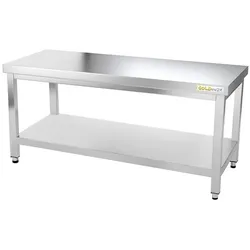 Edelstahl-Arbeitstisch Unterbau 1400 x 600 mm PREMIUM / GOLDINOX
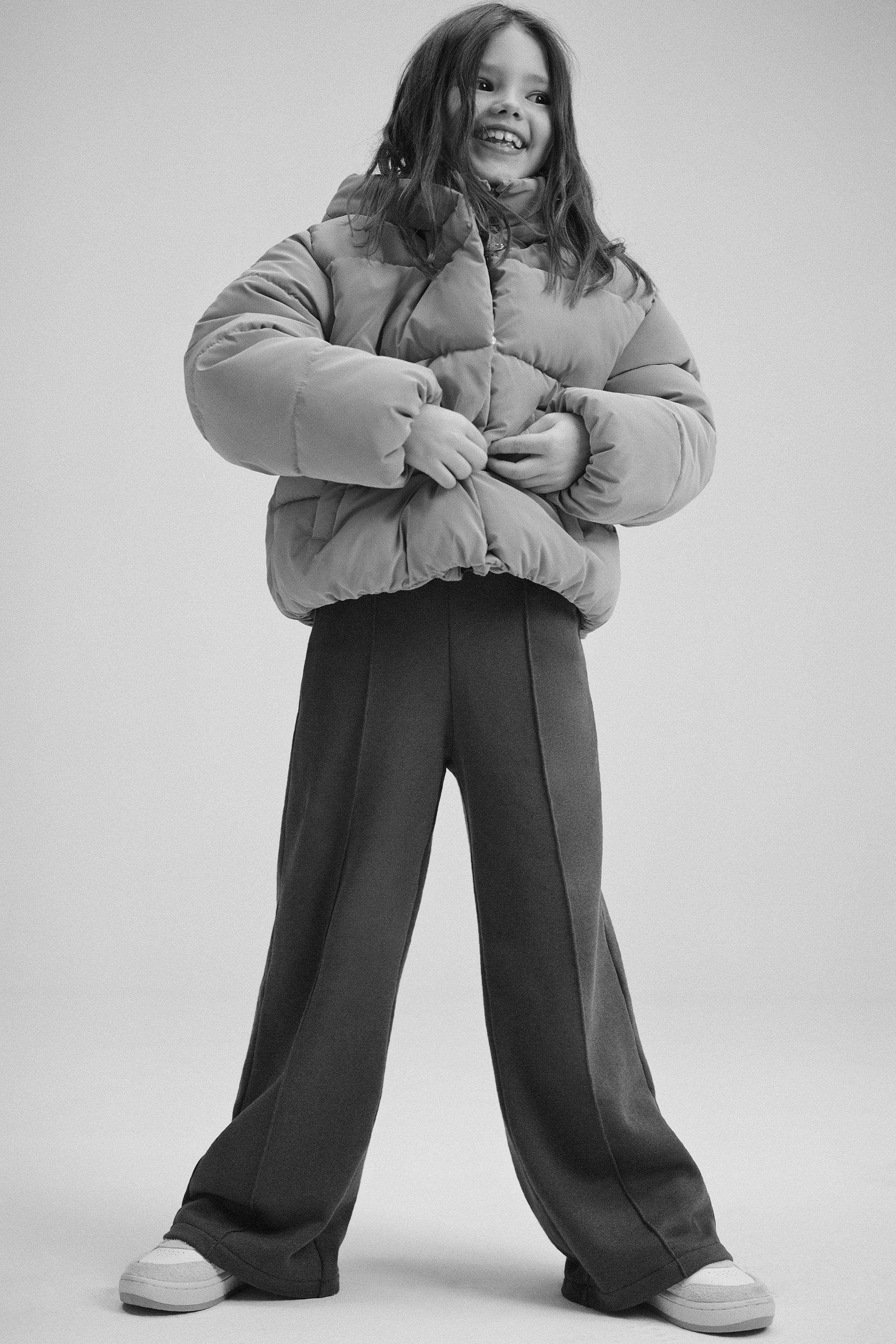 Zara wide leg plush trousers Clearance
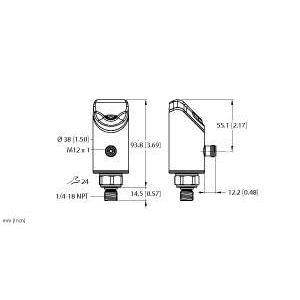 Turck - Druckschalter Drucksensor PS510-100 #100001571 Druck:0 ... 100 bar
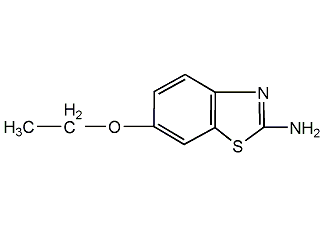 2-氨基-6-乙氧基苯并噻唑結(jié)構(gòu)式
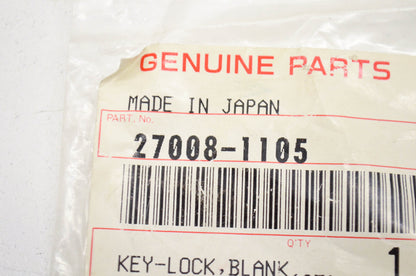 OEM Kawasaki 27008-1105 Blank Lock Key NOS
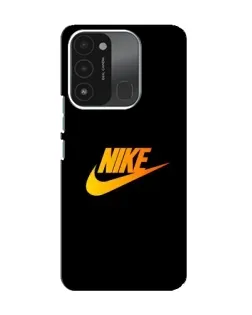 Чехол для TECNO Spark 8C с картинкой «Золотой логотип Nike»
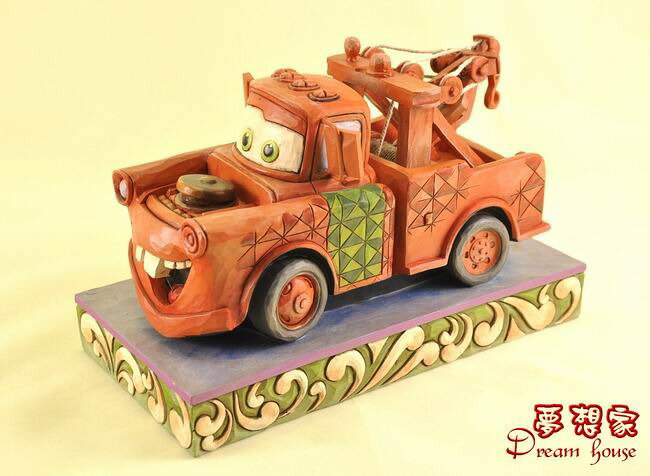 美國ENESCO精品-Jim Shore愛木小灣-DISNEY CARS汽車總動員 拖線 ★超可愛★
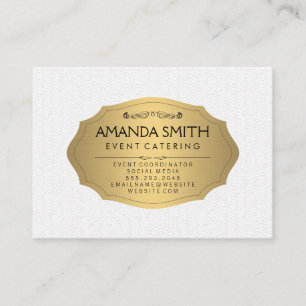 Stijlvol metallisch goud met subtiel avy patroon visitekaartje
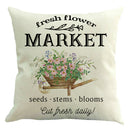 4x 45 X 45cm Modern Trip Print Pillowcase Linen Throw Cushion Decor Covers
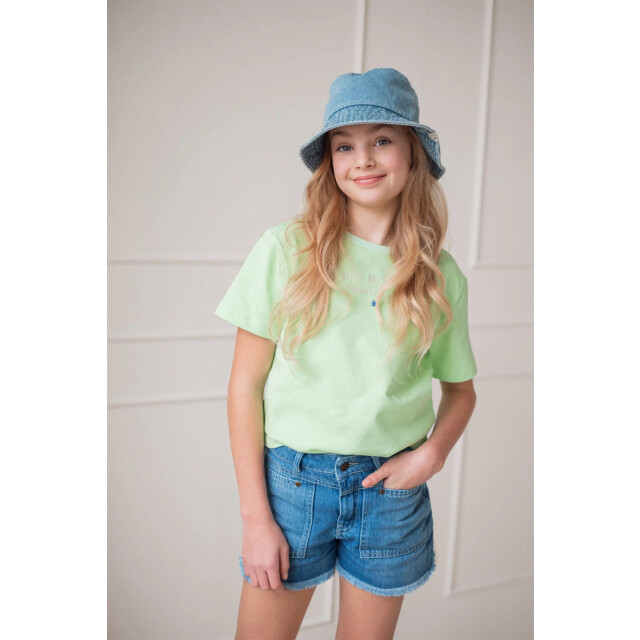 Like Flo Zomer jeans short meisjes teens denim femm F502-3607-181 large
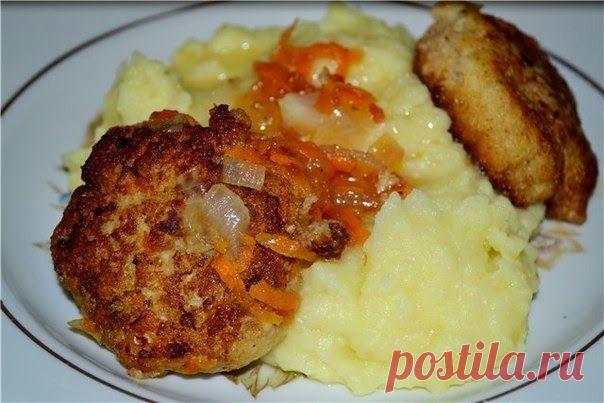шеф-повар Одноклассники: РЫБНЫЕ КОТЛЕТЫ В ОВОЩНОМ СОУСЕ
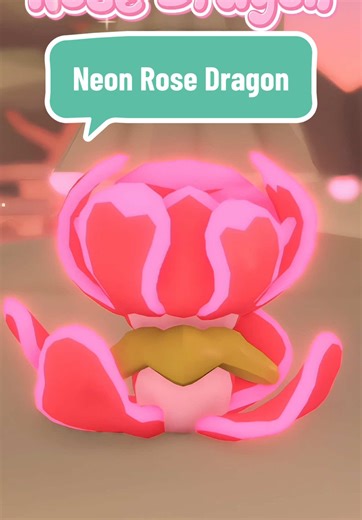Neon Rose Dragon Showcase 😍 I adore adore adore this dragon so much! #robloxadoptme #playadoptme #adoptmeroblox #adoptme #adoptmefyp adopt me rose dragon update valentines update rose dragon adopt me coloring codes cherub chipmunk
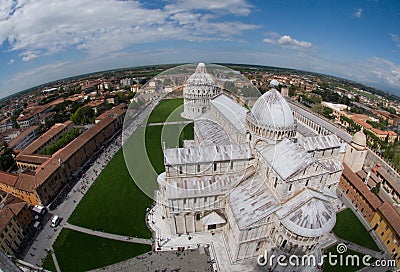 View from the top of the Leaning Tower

★ ★ ★

- [Exercise aim]:
Reproduce the material exactly; keep pictures out.

- [Solution below]:
 Edelstahl-Arbeitstisch Unterbau 1400 x 600 mm PREMIUM / GOLDINOX
 Zara wide leg plush trousers Clearance
 Turck - Druckschalter Drucksensor PS510-100 #100001571 Druck:0 ... 100 bar
 2-氨基-6-乙氧基苯并噻唑結(jié)構(gòu)式
 OEM Kawasaki 27008-1105 Blank Lock Key NOS
 Чехол для TECNO Spark 8C с картинкой «Золотой логотип Nike»
 美國ENESCO精品-Jim Shore愛木小灣-DISNEY CARS汽車總動員 拖線 ★超可愛★
 Stijlvol metallisch goud met subtiel avy patroon visitekaartje
 4x 45 X 45cm Modern Trip Print Pillowcase Linen Throw Cushion Decor Covers
 Like Flo Zomer jeans short meisjes teens denim femm F502-3607-181 large
шеф-повар Одноклассники: РЫБНЫЕ КОТЛЕТЫ В ОВОЩНОМ СОУСЕ
Neon Rose Dragon Showcase 😍 I adore adore adore this dragon so much! #robloxadoptme #playadoptme #adoptmeroblox #adoptme #adoptmefyp adopt me rose dragon update valentines update rose dragon adopt me coloring codes cherub chipmunk
 View from the top of the Leaning Tower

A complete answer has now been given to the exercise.